Militarization cannot reasonably be understood as being somehow separate from deportation. The border was militarized in the first place to keep peoples displaced by the North American Free Trade Agreement in their place, disproportionate numbers of which were indigenous. And militarization cannot reasonably be understood apart from the roughly 5,000 migrant deaths which have been an acknowledged part of the US Customs and Border Protection’s Southwestern Border Strategy.

Only recently has Texas’s Rio Grande area topped the lands of the Tohono O’odham, through which migrants have been funneled as part of the Strategy, as ground zero for migrant deaths. So consumed by paranoia is the National Security State that militarization already extends into the Pacific Ocean which could become ground zero if militarization is completed.

Militarization, death, encroachments on indigenous lands and culture, and deportation are the realities of President Obama’s Executive Actions. Bishop Dermot Rodgers is with the Evangelical Catholic Diocese of the Southwest. Bishop Rodgers, grew up in Belfast, Ireland, a city at war with itself. He often offers communion to people at the western end of the wall near San Diego who come to communicate for a few minutes through the wire mesh with loved ones they can only touch with the tip of their little finger. He has serious reservations about Obama’s Actions and believes some people may be put at greater risk of deportation. “I have doubts,” he says, “that the 5 million people said to be included in the plan will in fact benefit from these administrative actions. My heart aches for those families where one member will be spared from deportation while a parent, or grandparent, or sibling now faces an even greater threat of deportation.”

Practicing Catholic and immigration attorney, Carlos A. Batara, in Riverside, California also believes millions may face greater risk of deportation. Therein lies an ethical dilemma. “Let’s cut to the chase,” he says. “What’s my role as a lawyer? Do I decide to be cautious with folks’ futures and refuse to help them apply for the short-term benefits of deferment but which may expose them to potential long-term disaster through deportation? Or do I help my clients get temporary benefits despite the long-term risks?”

Chasity Alvarez, whose husband is in removal proceedings, is not celebrating either. The founder of Fair Unity, a support group for American families whose loved ones are in exile because of deportation or American citizens who themselves are in exile because of deportation, opposes the President’s Actions. “The word of Jesus contradicts them,” she says. “I would rather lose my political standing with those who are cheering than lose my soul. As Matthew tells us, one day the sheep will be separated from the goats.”

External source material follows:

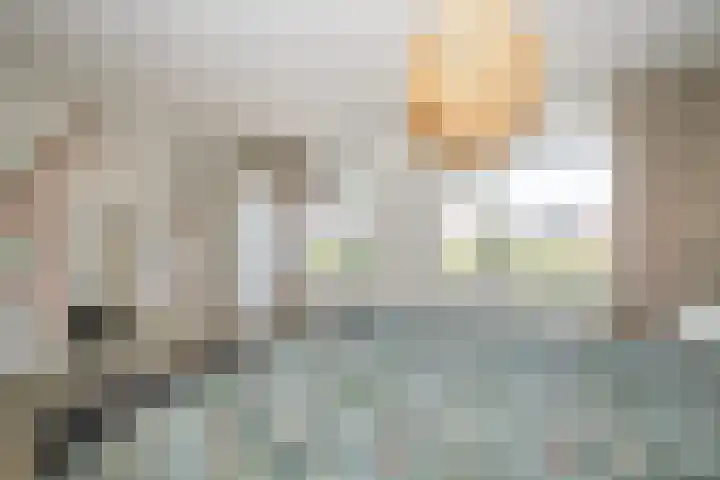 Palet 25 Capelle aan den IJssel thumbnail 17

Rev. Todd Jenkins, pastor at First Presbyterian Church in Fayetteville, Tennessee thinks along the same salvationist lines. Whether through the avenues of politics or religion, “we are in a struggle for one prize,” he says, “the soul of humanity. You can no more baptize politics with a light sprinkling of Scripture than you can sweeten the ocean with a few teaspoons of sugar. We need fewer people patching together scattered verses of Scripture and more people operating out of an anchor sunk deep in our sacred texts’ overarching theme. God’s historical predilection is for all those devoid of power, voice, influence, and control. Until that imperative is given a legitimate seat at the policy table, human and family need will continue to go unaddressed and unmet.”

What will we decide? Will we hear the cries of the oppressed? Will we confess that God and not Caesar is Lord? Will we long for the Kingdom of God or continue to applaud the aggressions of the National Security State? And will we claim any role at all in articulating the differences?

The Rev. Ellin Jimmerson, Ph.D., is Minister to the Community at Weatherly Heights Baptist Church in Huntsville, Alabama and the director of The Second Cooler, a documentary film narrated by Martin Sheen.